DIRECTIONS FOR THIS TASK =>
Nothing outside the range is wanted. Repeat exactly the lines below from the one with "Hợp tác Ngân" through the one with "Rented by SW Queens Mezzanine | media 8".

RECORDS SUPPLIED =>

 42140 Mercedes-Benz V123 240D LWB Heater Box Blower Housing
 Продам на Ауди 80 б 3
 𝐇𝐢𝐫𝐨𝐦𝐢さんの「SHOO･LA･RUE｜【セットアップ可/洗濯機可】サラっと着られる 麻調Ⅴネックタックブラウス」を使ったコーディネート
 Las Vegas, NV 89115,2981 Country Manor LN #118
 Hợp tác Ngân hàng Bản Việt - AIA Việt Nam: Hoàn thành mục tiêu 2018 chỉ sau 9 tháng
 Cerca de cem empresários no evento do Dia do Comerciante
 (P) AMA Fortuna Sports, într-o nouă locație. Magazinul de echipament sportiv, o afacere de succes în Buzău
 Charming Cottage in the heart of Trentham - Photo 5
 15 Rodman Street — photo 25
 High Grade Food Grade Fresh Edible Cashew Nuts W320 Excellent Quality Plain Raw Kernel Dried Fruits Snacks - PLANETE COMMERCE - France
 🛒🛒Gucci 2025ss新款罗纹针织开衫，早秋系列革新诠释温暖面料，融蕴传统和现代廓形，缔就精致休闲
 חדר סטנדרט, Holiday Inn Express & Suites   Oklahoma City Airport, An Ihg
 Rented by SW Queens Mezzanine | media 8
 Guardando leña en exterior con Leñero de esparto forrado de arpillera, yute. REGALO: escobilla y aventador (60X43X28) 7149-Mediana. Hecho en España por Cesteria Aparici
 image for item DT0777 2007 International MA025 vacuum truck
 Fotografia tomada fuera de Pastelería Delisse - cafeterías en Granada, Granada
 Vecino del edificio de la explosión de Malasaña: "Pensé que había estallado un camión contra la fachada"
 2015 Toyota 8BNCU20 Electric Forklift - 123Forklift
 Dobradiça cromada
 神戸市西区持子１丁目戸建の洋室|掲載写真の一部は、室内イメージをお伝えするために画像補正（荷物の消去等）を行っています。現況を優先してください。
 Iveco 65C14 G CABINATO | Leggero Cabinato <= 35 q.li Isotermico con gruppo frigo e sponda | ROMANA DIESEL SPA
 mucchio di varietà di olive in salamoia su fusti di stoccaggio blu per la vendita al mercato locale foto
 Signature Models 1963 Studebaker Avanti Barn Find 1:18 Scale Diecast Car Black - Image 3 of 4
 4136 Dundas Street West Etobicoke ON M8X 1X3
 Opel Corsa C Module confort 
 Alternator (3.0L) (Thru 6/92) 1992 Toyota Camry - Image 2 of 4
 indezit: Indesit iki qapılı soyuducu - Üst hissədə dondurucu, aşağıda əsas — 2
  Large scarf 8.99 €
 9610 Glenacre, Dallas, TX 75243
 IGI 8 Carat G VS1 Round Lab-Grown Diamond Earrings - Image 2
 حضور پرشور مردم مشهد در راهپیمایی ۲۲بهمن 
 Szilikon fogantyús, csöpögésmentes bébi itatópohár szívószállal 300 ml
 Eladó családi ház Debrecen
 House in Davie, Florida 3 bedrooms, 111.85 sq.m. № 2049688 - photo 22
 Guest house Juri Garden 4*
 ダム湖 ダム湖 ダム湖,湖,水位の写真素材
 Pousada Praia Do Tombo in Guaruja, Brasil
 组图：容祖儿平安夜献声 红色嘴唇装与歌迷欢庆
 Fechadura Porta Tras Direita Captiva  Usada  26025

SOLUTION TO THIS EXERCISE =>
 Hợp tác Ngân hàng Bản Việt - AIA Việt Nam: Hoàn thành mục tiêu 2018 chỉ sau 9 tháng
 Cerca de cem empresários no evento do Dia do Comerciante
 (P) AMA Fortuna Sports, într-o nouă locație. Magazinul de echipament sportiv, o afacere de succes în Buzău
 Charming Cottage in the heart of Trentham - Photo 5
 15 Rodman Street — photo 25
 High Grade Food Grade Fresh Edible Cashew Nuts W320 Excellent Quality Plain Raw Kernel Dried Fruits Snacks - PLANETE COMMERCE - France
 🛒🛒Gucci 2025ss新款罗纹针织开衫，早秋系列革新诠释温暖面料，融蕴传统和现代廓形，缔就精致休闲
 חדר סטנדרט, Holiday Inn Express & Suites   Oklahoma City Airport, An Ihg
 Rented by SW Queens Mezzanine | media 8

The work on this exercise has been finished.